When I was a wee lad, we were PWT. There’s no doubt about it. My dad was a military dad; got a very little paycheck in exchange for serving his country. While it wasn’t enough to cover “rent”, our housing was paid for by Uncle Sam. So the pennies that he received month after month paid for groceries, electricity, car, and little else. I don’t ever recall “suffering” as a child. I distinctly recall vacations. In fact, living in Europe for so long was sort of LIKE a vacation. I distinctly remember getting my G.I. Joe with the kung-fu grip and the Steve Austin a/k/a Six Million Dollar Man (with the roll-up sleeve of “skin” on his arm so you could see his bionics) for the holidays or birthdays. I had a bike. None of the three of us (me n’ my sibs) “suffered” without. The one area where we did suffer, however, was eating. Don’t get me wrong. I didn’t attain this distinct panda-bear shape by starving my whole life. We ate. But what the hell was that shit?

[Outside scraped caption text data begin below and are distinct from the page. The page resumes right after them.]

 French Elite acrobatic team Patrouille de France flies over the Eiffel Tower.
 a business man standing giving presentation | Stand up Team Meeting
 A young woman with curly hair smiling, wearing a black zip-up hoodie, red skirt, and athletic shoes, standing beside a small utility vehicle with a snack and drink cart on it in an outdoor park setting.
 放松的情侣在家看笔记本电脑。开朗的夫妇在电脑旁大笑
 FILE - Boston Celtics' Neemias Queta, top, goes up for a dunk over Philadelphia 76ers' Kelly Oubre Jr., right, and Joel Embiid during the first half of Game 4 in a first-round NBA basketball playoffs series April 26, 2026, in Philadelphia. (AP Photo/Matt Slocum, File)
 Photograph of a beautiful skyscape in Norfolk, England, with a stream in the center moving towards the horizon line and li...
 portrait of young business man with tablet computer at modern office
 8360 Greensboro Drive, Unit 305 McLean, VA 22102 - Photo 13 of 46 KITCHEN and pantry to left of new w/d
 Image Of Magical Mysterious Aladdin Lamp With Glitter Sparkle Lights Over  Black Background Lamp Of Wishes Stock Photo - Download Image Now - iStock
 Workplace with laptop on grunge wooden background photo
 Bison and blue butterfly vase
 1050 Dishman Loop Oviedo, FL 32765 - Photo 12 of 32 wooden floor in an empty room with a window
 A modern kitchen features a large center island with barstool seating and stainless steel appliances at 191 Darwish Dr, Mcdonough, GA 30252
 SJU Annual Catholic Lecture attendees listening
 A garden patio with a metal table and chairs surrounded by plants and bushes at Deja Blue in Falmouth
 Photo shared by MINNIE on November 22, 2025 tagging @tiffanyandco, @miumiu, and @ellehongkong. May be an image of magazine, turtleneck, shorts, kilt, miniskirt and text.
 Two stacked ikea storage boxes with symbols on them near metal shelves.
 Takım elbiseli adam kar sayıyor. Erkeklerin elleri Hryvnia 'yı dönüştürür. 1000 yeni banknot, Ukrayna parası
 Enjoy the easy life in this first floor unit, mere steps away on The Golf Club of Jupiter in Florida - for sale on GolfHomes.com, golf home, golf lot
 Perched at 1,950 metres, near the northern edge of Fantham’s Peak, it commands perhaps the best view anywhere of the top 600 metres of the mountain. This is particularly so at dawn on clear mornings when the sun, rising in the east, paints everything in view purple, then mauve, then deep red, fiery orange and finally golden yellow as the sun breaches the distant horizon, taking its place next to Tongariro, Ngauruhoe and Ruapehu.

B.J. (or “Before Jed”) I dated a boy named Kerry. Kerry also grew up PWT on a cotton farm in Lubbock, Texas. To entertain ourselves we decided once a month that one of us would make one of the most awfulest dinners from our childhoods that we could remember and called it “White trash dinner night”. It was fun times. I couldn’t play this same game with Jed, because Jed grew up on Galveston Island, and everyone knows that if it’s an “Island”, it can be trashy. Right? Wrong. In fact, Jed and I do experience some of the more favorite culinary disasters from his childhood too. Yes boo kat. You’re not escaping my blog!
I’ll begin the humiliation with myself. While growing up, my mother could make 3 things, and only 3 things. It’s no secret that the cooking duties were left to my father. Some people just weren’t meant to cook, and Barb was one of those people. One of her specialties was “Spam Salad”. Why they called it a “salad”, I’ll never know. There wasn’t one redeeming healthy quality about this “salad”. It had everyone’s favorite canned meat product; a hefty helping of mayonnaise and egg yolks; noodles, peas, and oh yes, did I mention a full-cup of mayonnaise? Her other dish was “Tuna Salad”. Again with this “salad”. Who did she think she was kidding? THERE WAS NO LETTUCE. Her tuna salad was just like her spam salad. Except whereas the spam salad would be placed back in the refrigerator to chill after it was prepared, the tuna salad would be placed in the oven to heat up before it was served. Now that I think about it, the tuna salad MIGHT have had a can of cream of mushroom soup added to everything else to make it extra special. If Barb was going to be REALLY decadent, she would crumble is couple of fists fulls of Ruffles potato chips on top of the tuna salad before baking it. It was, as I recall, delicious.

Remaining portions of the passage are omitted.